NBA Fines Referee for Rivers’ Ejection

by March 20, 2009

by Ryne Nelson

The NBA announced yesterday that it fined referee Bill Kennedy an undisclosed amount for issuing what Doc Rivers claimed was “the most unprofessional tech I’ve ever had.”

Rivers was furious after he got whistled for his second technical foul with 29.8 seconds left against the Bulls March 17.

“Look at the film. I actually walked away. He asked me, ‘Where do you want the ball?’ And I said, ‘Ask them,’ talking about my players. That’s my right to say that, and he walked away.

“He stood there and stared me down and stared me down and goaded me until I turned around and said, ‘What?’ That’s when I got thrown out of the game. In a [5-point] game? Think about that.”

For that postgame “rant,” Doc is out 25 large. But here’s the crux: If the League admitted Kennedy was wrong by enticing Doc to say something, why should the coach be fined?

Correct me if I’m wrong, but the League has never undercut one of its referees for a poor decision made in a game. That’s admitting Kennedy made a mistake.

The Referees Union, however, claims Kennedy did nothing wrong. Said spokesman Lamell McMorris:

“Some things you cannot take out of the arsenal of the officials. It’s not a stare to start some kind of disagreement or goad him into getting ejected, it’s just like, ‘Hey, enough is enough. And basically he didn’t even stare him down.
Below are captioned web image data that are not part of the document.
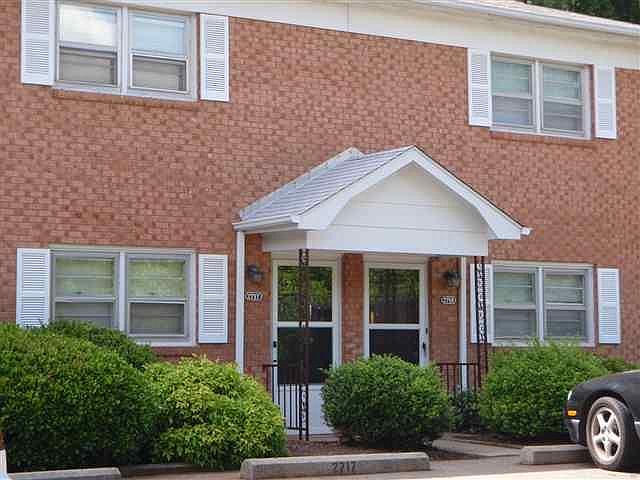 1st image of 2725 Village East Dr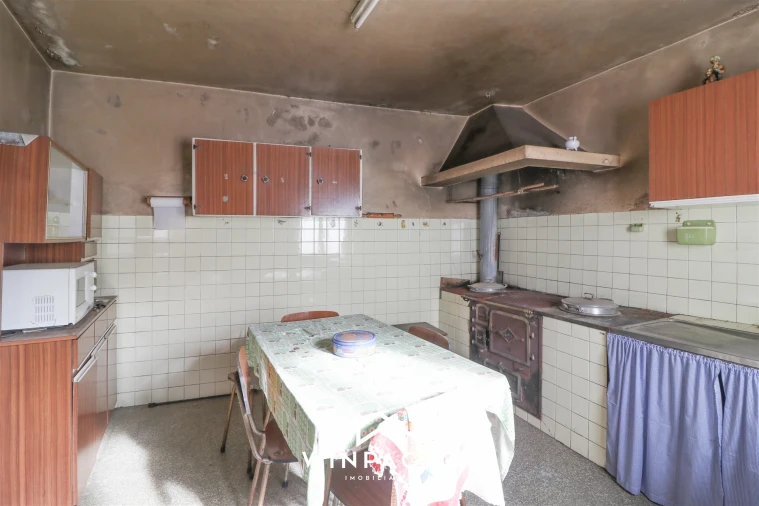 Moradia T4 para Venda em Nelas Foto 11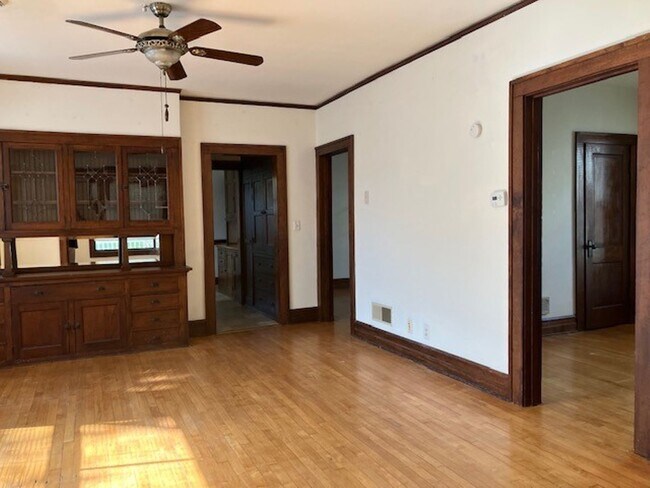 Foto del edificio - 217-219 W Chestnut St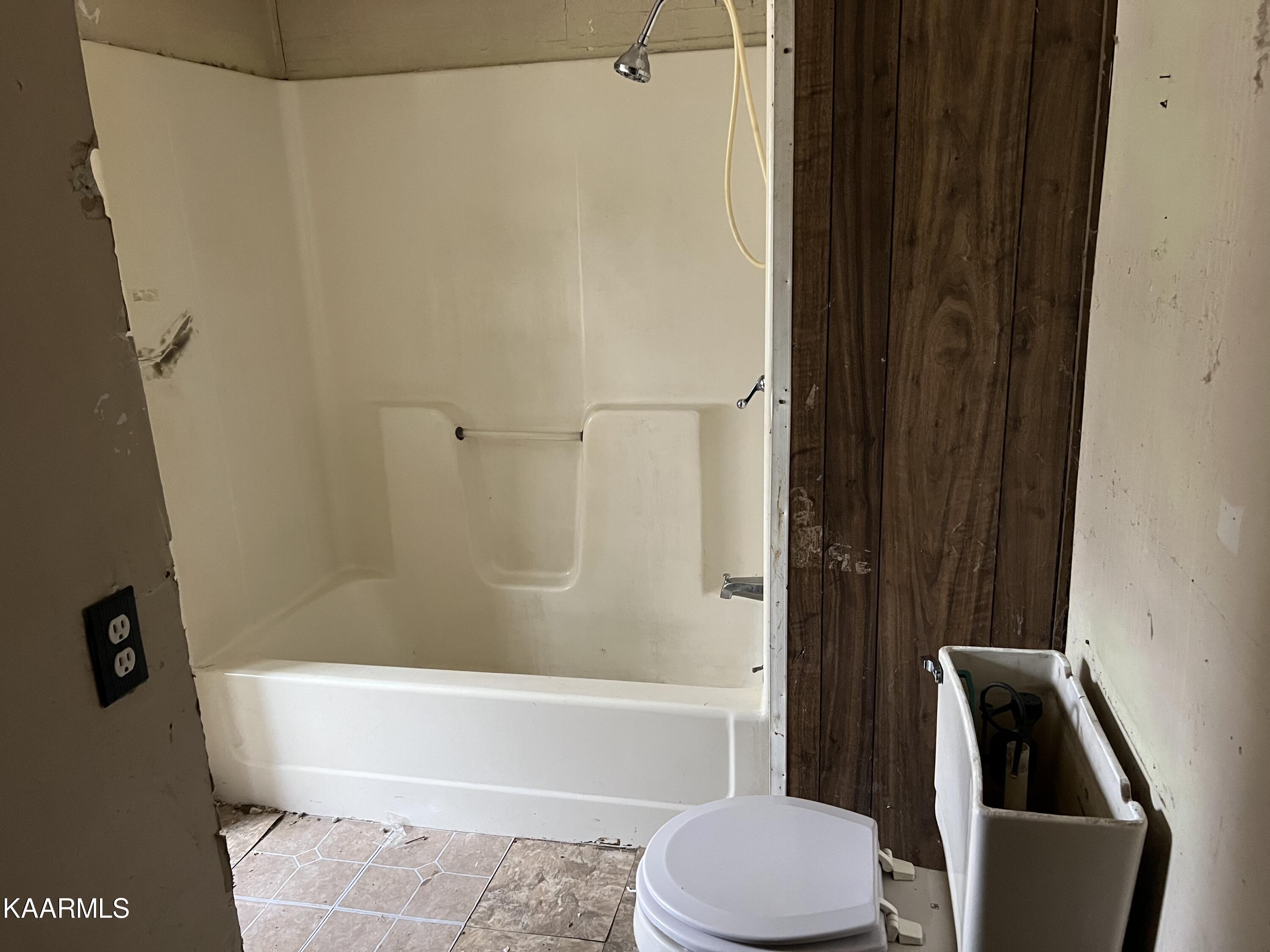 607 S Indiana Ave, LaFollette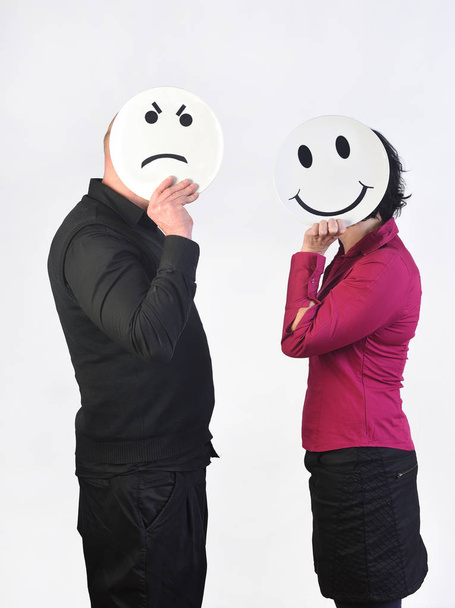 ein wütender Mann und eine glückliche Frau mit einem Teller im Gesicht - Foto, Bild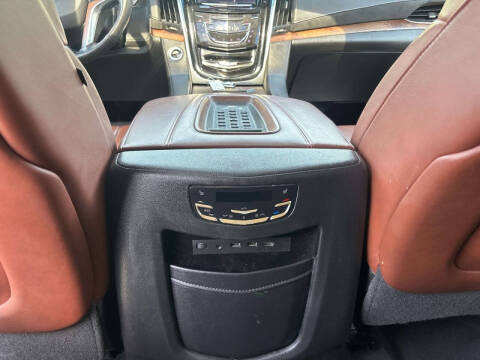 2017 Cadillac Escalade ESV Premium Luxury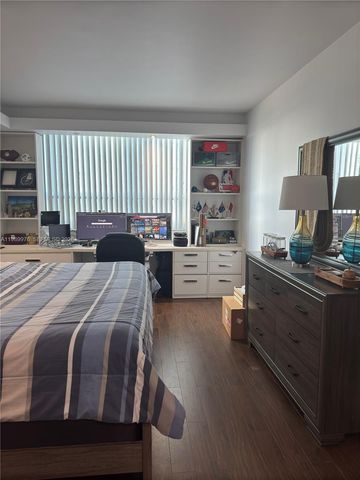 2000 N Bayshore Dr 708, Miami, FL 33137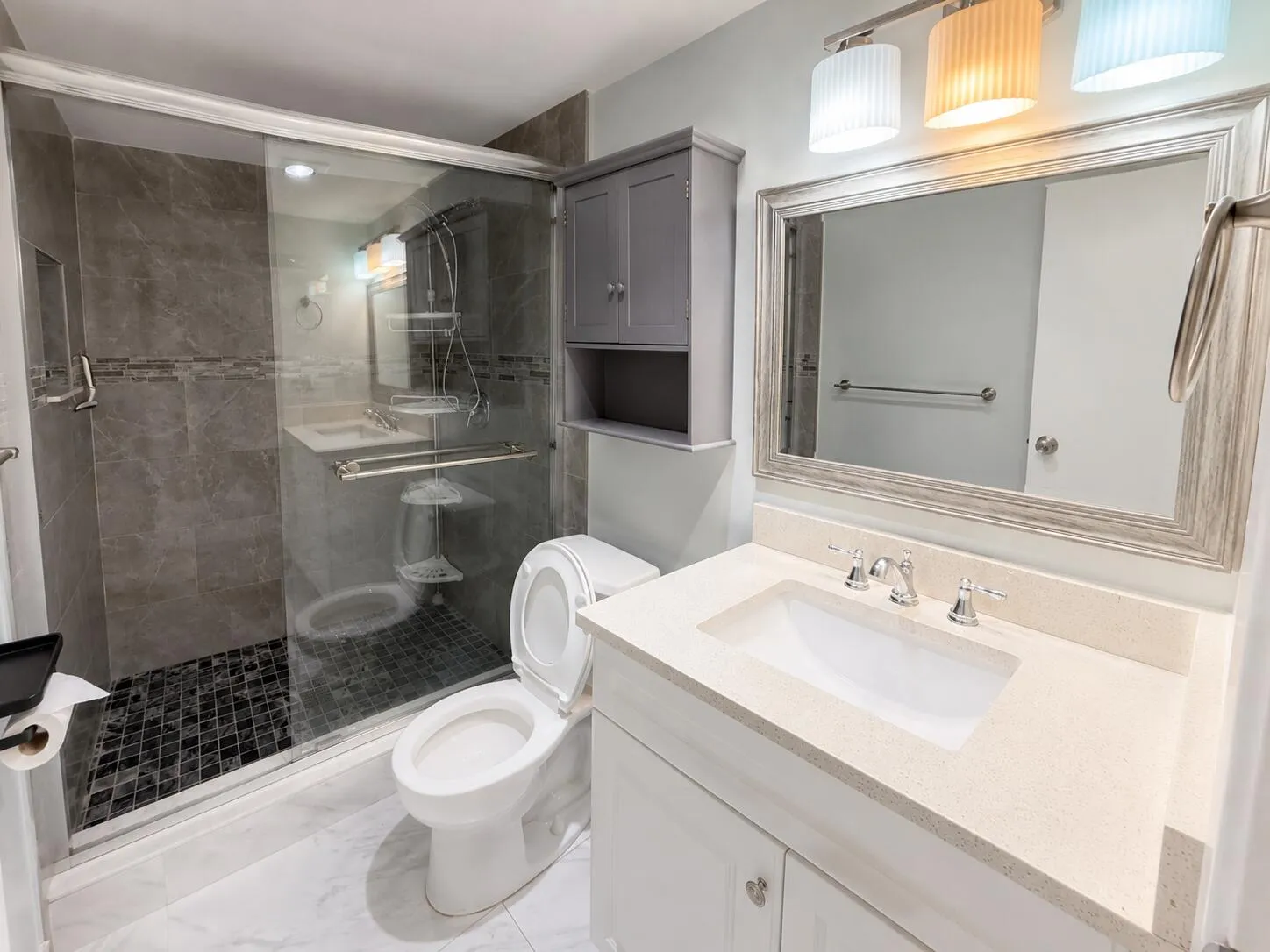 Guest bathroom.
He walked away, he turned his back per what he is trained to do and he removed himself from the situation.

“As far as we’re concerned, Billy Kennedy followed every rule according to the referee’s manual as it relates to handling situations like this. The only person in this scenario who has had a pattern of behavior that is unprofessional is Doc Rivers, not Billy Kennedy.”

As McMorris said, referees are told to just walk away when confronted by a coach. Kennedy did not. Since the League now claims transparency in its officiating, it should disclose how much Kennedy was fined and offer an official explaination for what happened. Either that, or it should start taking Mark Cuban’s idea of Referee Efficiency Ratings seriously.